# Candace Parker!!!!!!!



## lilrip133 (Dec 25, 2005)

For those who didn't see, Candace Parker dunked twice this week. Once off of a fast break (technically it could be considered "on" the other girl), and once in a half court set off a give n go. Even though they was both weak, it was exciting to see a girl dunk once much less twice.


----------



## Carbo04 (Apr 15, 2005)

She id kind of dunk on that one girl in the fast break. Weak dunks, but for a womens game.. NASTY!!!!!


----------



## CbobbyB (Feb 16, 2006)

yea, i would love to see her "throw it down."


----------



## BigMac (Jan 14, 2005)

she is hot, image sleeping with a 6'4" girl with a nice body.


----------



## Gotham2krazy (Nov 22, 2005)

That chick is hot, I remember seeing her in the All-American dunk contest and she had that Dee Brown dunk. She's a dunker, but damn she's fine as hell.


----------



## CbobbyB (Feb 16, 2006)

yep, her boyfriend is lucky.


----------



## Damian Necronamous (Jun 10, 2002)

Am I the only one who thinks that those were the two most weak sauce dunks I have ever seen? She didn't even slam the ball through the rim....

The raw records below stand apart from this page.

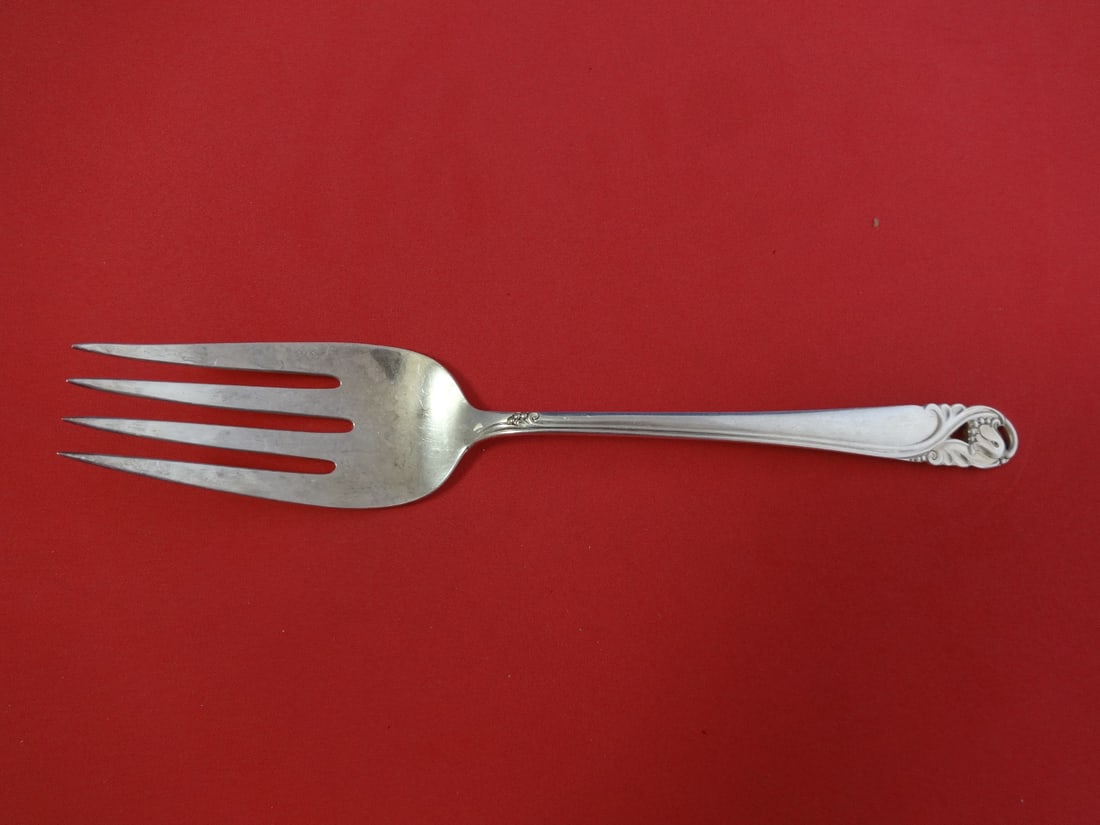 International Silver Spring Glory Sterling Silver Cold Meat Fork 8 Inch: International Silver Spring Glory Sterling Silver Cold Meat Fork 8 Inch This exquisite 8-inch cold meat fork is crafted from high-quality sterling silver and features the elegant Spring Glory pattern 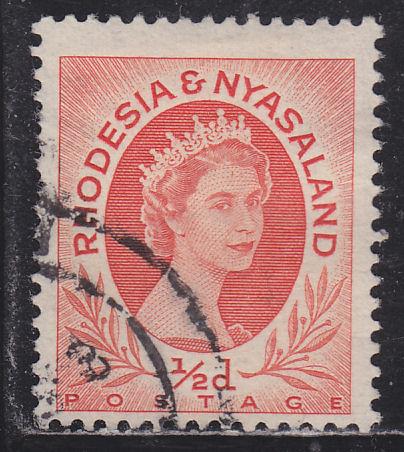 Rhodesia & Nyasaland 141 Queen Elizabeth II 1954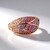Anello in argento con Zaffiro Rosa (KM by Juwelo)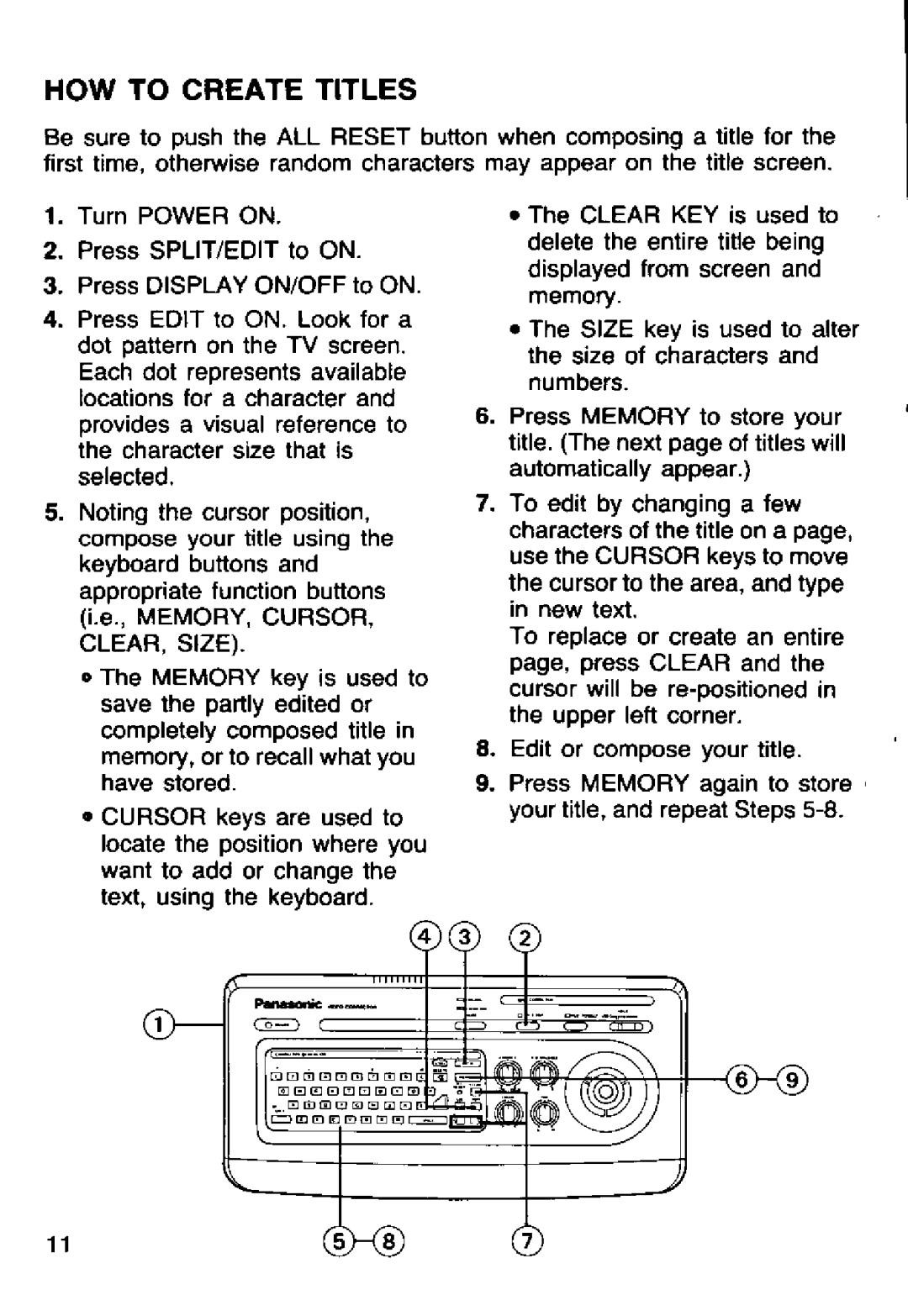 Panasonic PV-CC50 manual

Michelle Snow...that was a slam dunk.


----------



## lw32 (May 24, 2003)

Damian Necronamous said:


> Am I the only one who thinks that those were the two most weak sauce dunks I have ever seen? She didn't even slam the ball through the rim....
> 
> Michelle Snow...that was a slam dunk.


Her brothers Smush Parker, what do you expect? :biggrin:


----------



## CbobbyB (Feb 16, 2006)

LoL...that was a VerY weak dunk,,like i stated b4..._*"Throw it down!"*_ Bill Walton


----------



## Gotham2krazy (Nov 22, 2005)

It was weak, but her looks make up for the fact that they were weak, but she was good back in the day as an All-American.


----------



## BigMac (Jan 14, 2005)

i'm lazy but somepne should put some pic of her.


----------



## HKF (Dec 10, 2002)

Lachlanwood32 said:


> Her brothers Smush Parker, what do you expect? :biggrin:


No, her brother is former Bradley basketball player Anthony Parker (who plays for Maccabi Tel Aviv). Look at how ugly Smush is. You really think her fine *** is related to him?


----------



## Silverdale (Dec 25, 2004)

Those were not dunks. Those were layups and she just happened to graze the rim with her fingers. :whoknows:


----------



## CbobbyB (Feb 16, 2006)

Silverdale said:


> Those were not dunks. Those were layups and she just happened to graze the rim with her fingers. :whoknows:


LoL


----------



## naibsel (Dec 21, 2005)

she beats the boys in the mcdonalds slam dunk contest if i remember correctly. no look dunks hooooooF!! she threw them DOWN!!!!


----------



## CSILASVEGAS (Jan 14, 2006)




----------



## Silverdale (Dec 25, 2004)

naibsel said:


> she beats the boys in the mcdonalds slam dunk contest if i remember correctly. no look dunks hooooooF!! she threw them DOWN!!!!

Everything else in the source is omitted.